* [DATASET]

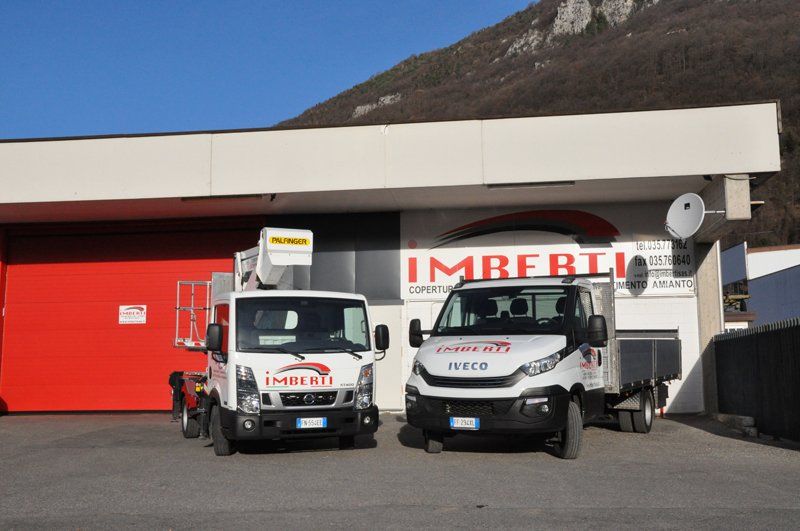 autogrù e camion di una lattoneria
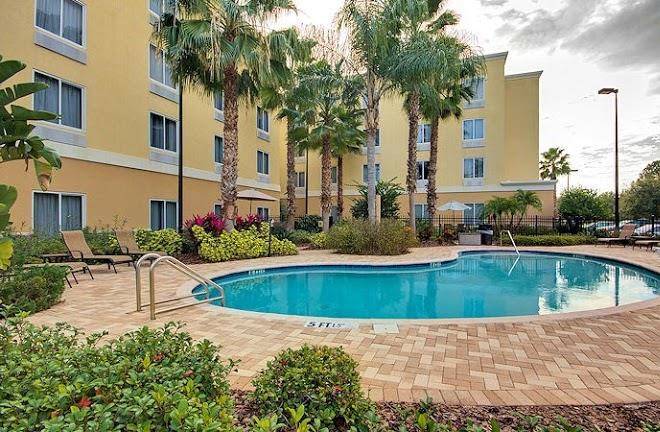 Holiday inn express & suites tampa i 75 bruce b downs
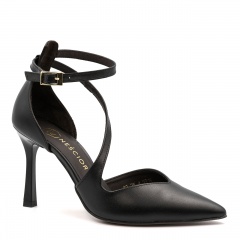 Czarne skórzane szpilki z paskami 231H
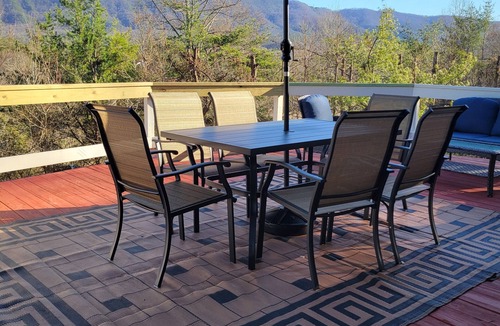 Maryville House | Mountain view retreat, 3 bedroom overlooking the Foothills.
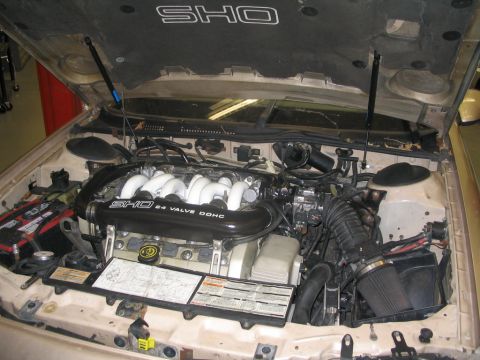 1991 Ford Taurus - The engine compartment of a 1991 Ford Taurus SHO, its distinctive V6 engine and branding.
==
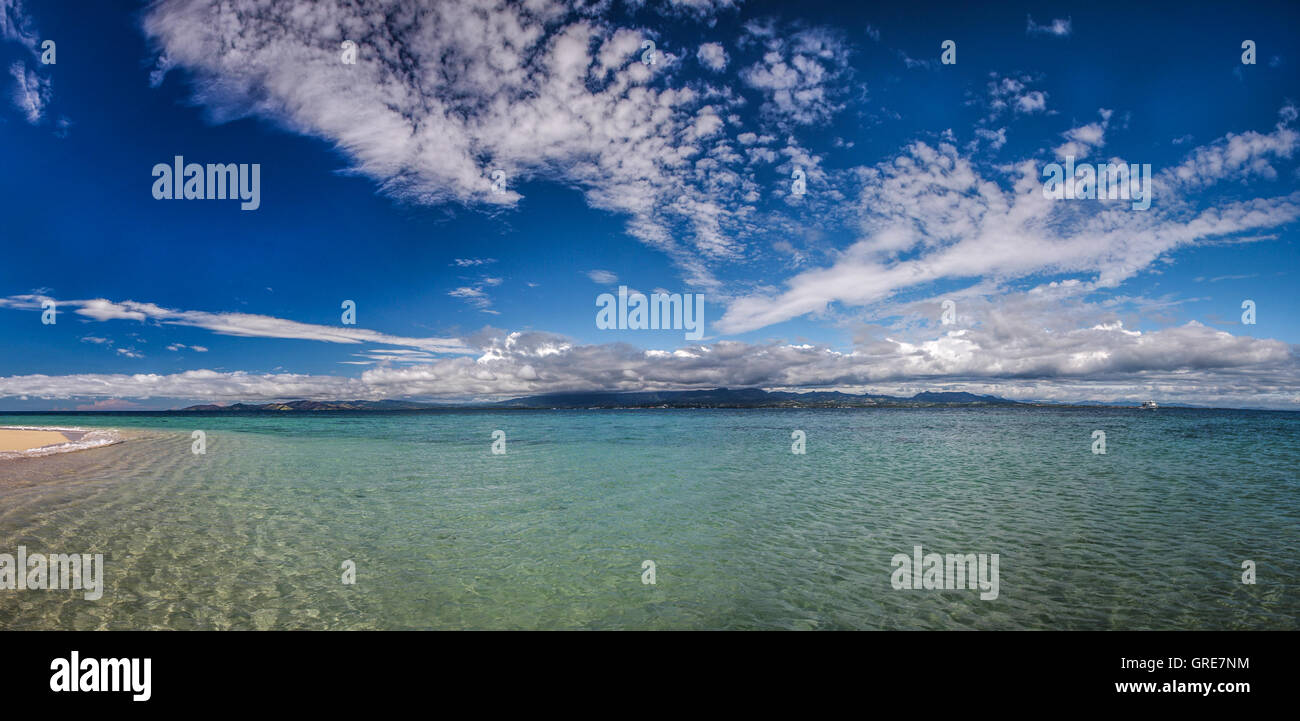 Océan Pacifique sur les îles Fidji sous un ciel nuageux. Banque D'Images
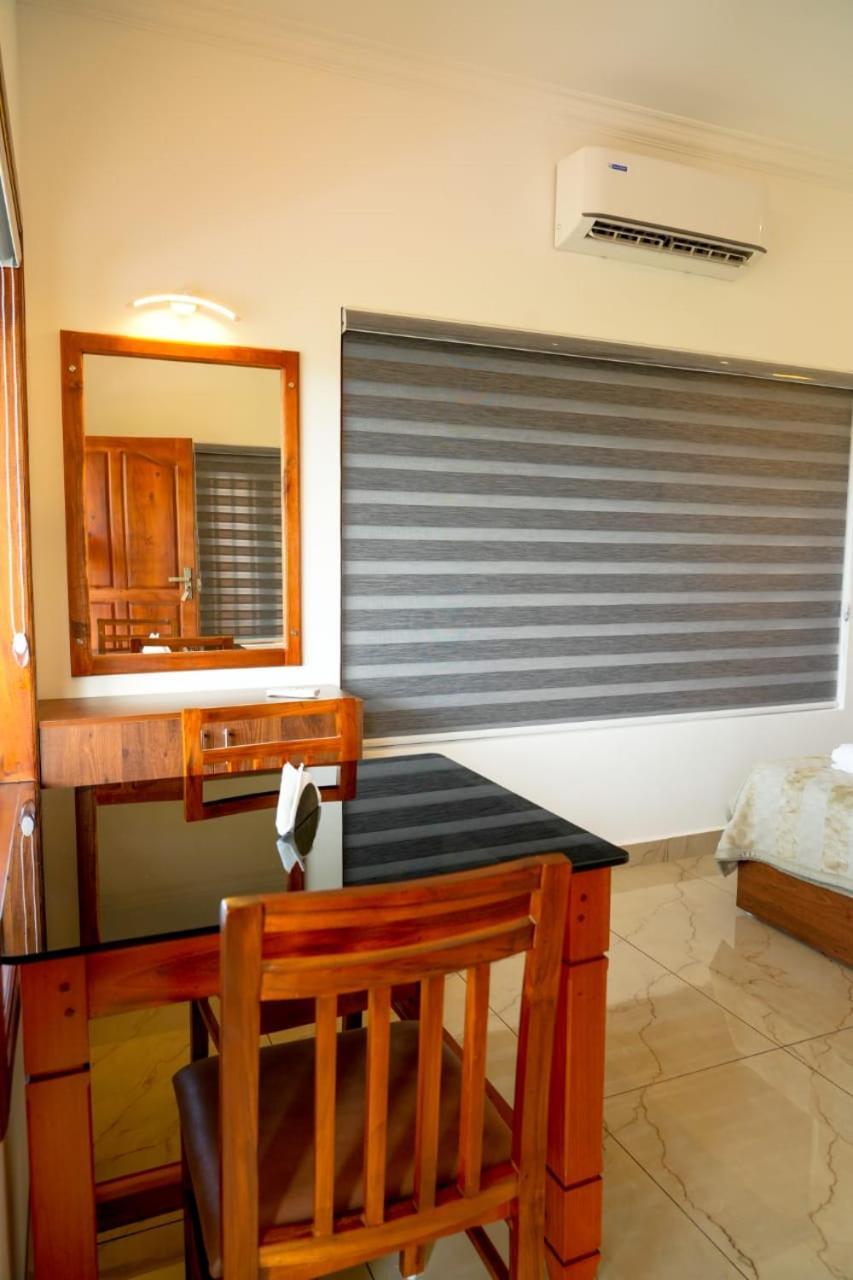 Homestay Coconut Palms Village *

* [TASK INSTRUCTIONS]
In the listing above, find the line containing "autogrù e camion di una lattoneria" and the line containing "1991 Ford Taurus - The". Print those two lines and every line between them exactly, with no pictures.

* [SOLUTION TO THIS EXERCISE]
 autogrù e camion di una lattoneria
 Holiday inn express & suites tampa i 75 bruce b downs
 Czarne skórzane szpilki z paskami 231H
 Maryville House | Mountain view retreat, 3 bedroom overlooking the Foothills.
 1991 Ford Taurus - The engine compartment of a 1991 Ford Taurus SHO, its distinctive V6 engine and branding.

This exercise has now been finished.